Dataset extract:
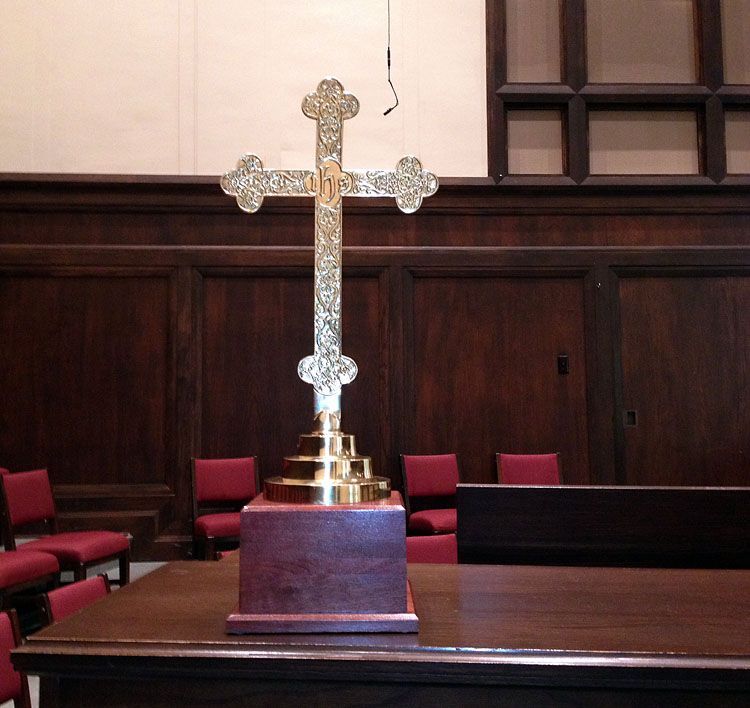 A cross is sitting on a wooden table in a church
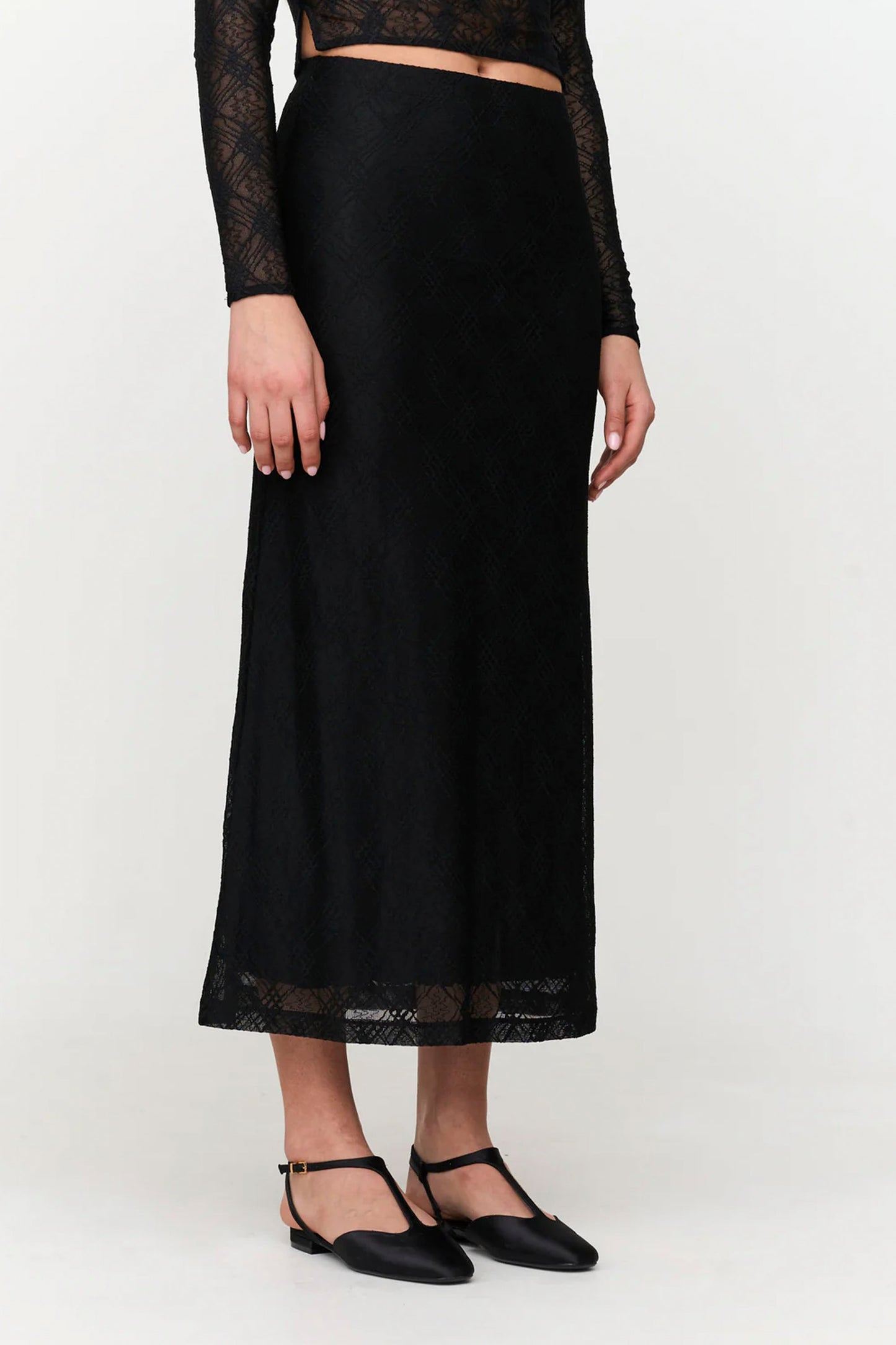 Textured black midi skirt with structured fit and minimal elegant design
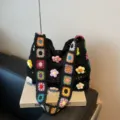 Handmade crochet shoulder bag with colorful floral patterns and 3D flower decors. - Black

What the task requires:
The data above must be written out again word for word, without its pictures.

Solution for this problem:
 A cross is sitting on a wooden table in a church
 Textured black midi skirt with structured fit and minimal elegant design
 Handmade crochet shoulder bag with colorful floral patterns and 3D flower decors. - Black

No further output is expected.